→ Short descriptive text snippets

★ ★ ★

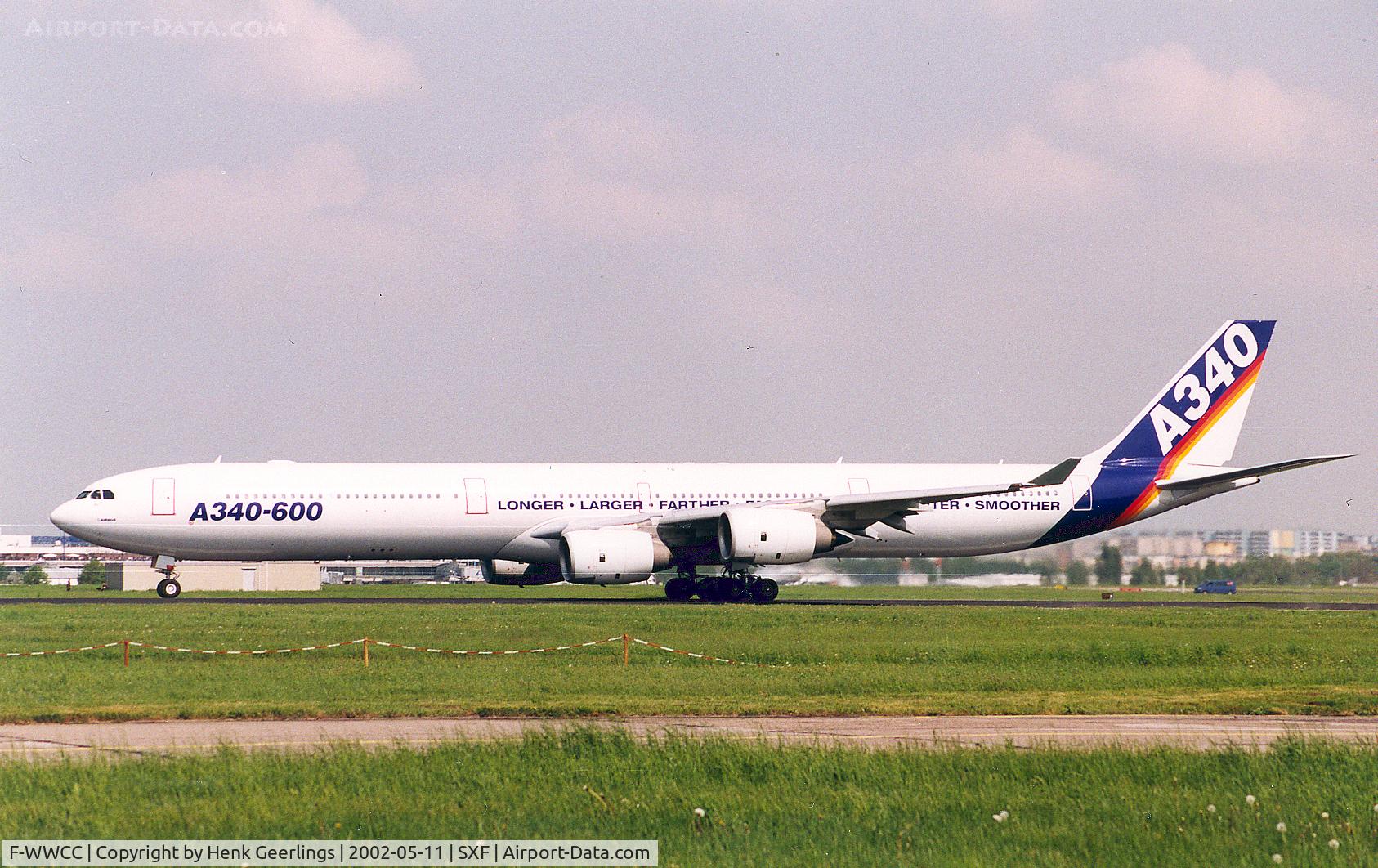F-WWCC, 2001 Airbus A340-642 C/N 376, ILA Berlin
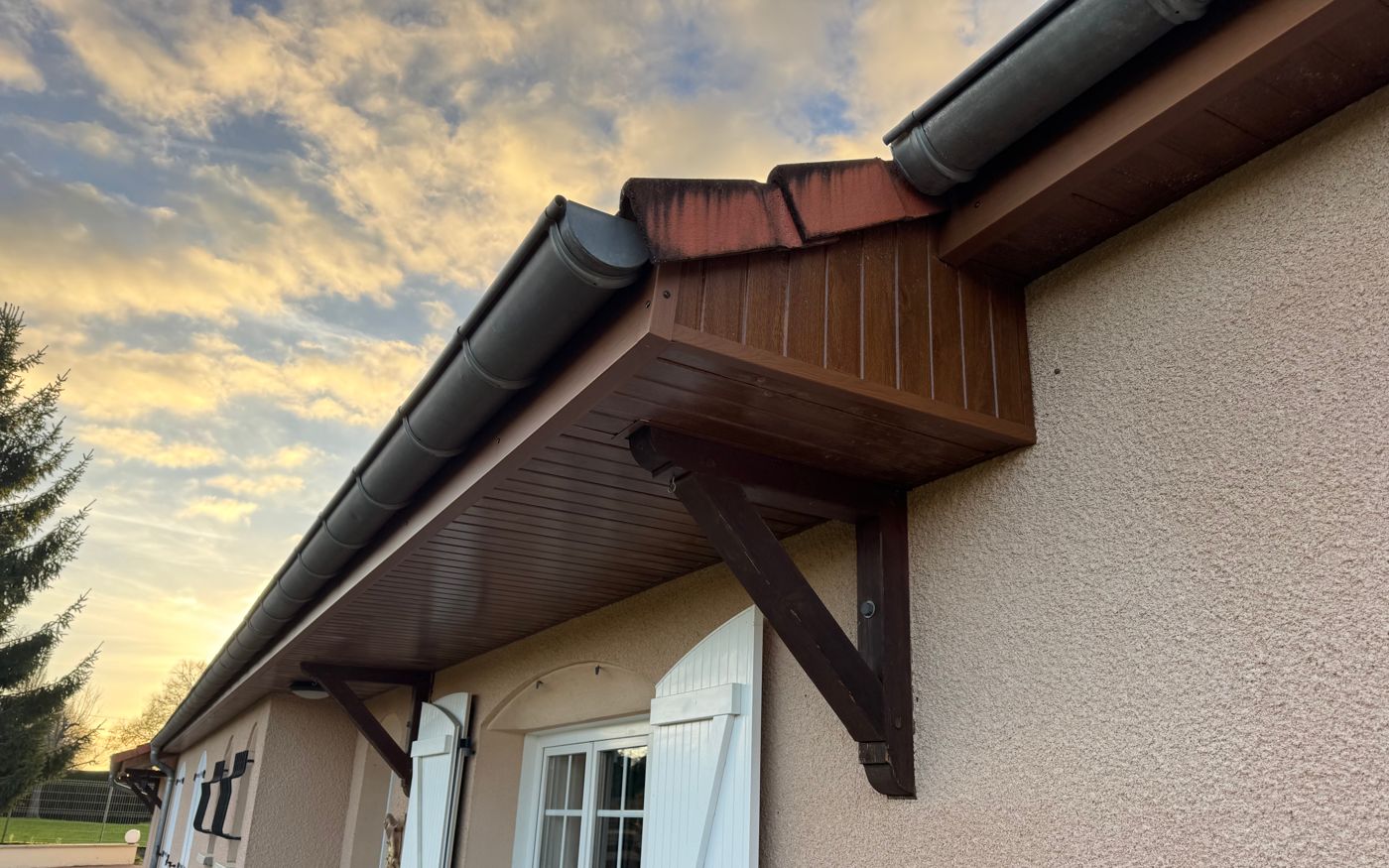 Bandeaux après pose à Louhans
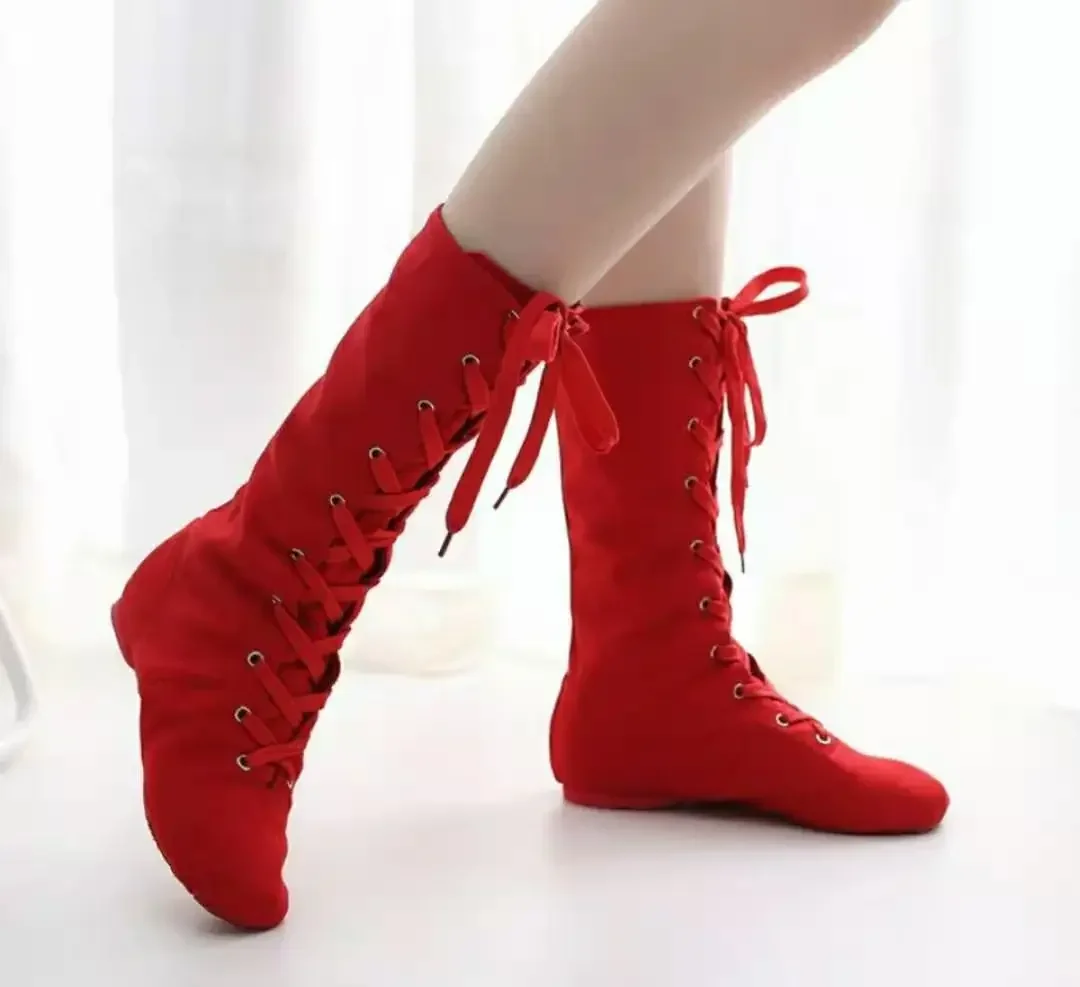 أحذية الرقص للنساء والفتيات ، أحذية الراقصة المنغولية ، أسفل لينة ، أداء المسرح التبت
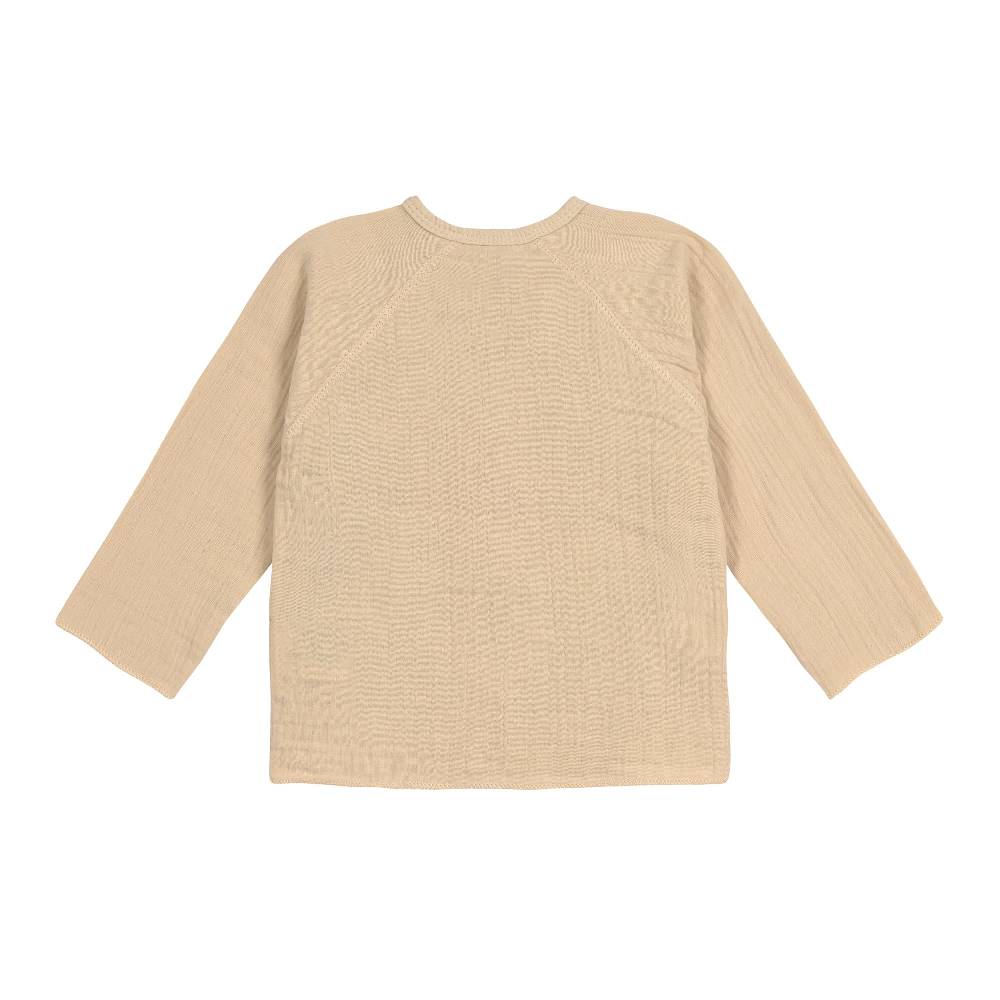 Lässig Baby Wickelshirt - Bio Baumwolle, Nature, Beige Speichern exportieren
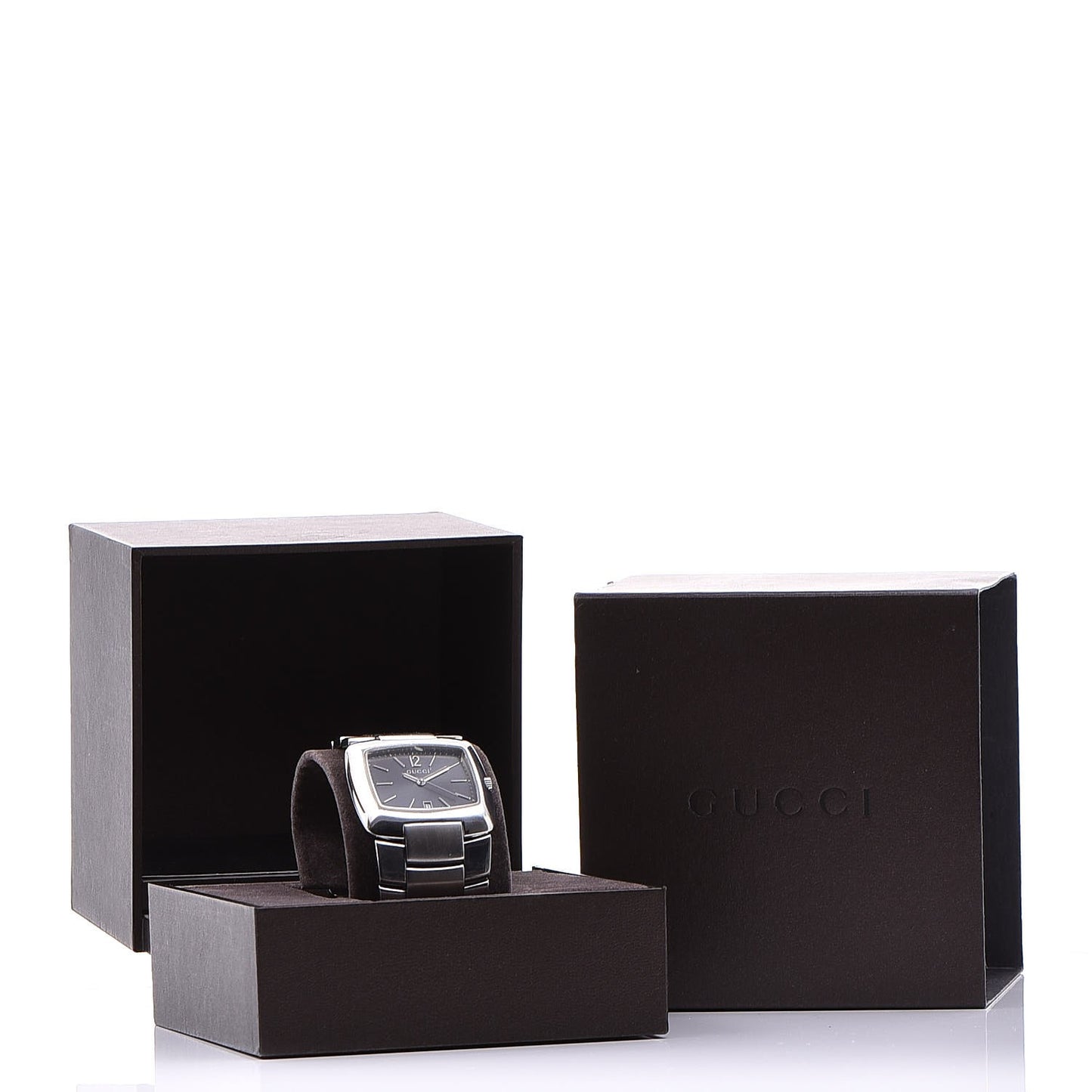 Stainless Steel 34mm 8500M Quartz Watch Black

★ ★ ★

→ TASK GOAL
A word-for-word copy of all the data, without pictures, is the expected output.

→ SOLUTION
F-WWCC, 2001 Airbus A340-642 C/N 376, ILA Berlin
 Bandeaux après pose à Louhans
 أحذية الرقص للنساء والفتيات ، أحذية الراقصة المنغولية ، أسفل لينة ، أداء المسرح التبت
 Lässig Baby Wickelshirt - Bio Baumwolle, Nature, Beige Speichern exportieren
 Stainless Steel 34mm 8500M Quartz Watch Black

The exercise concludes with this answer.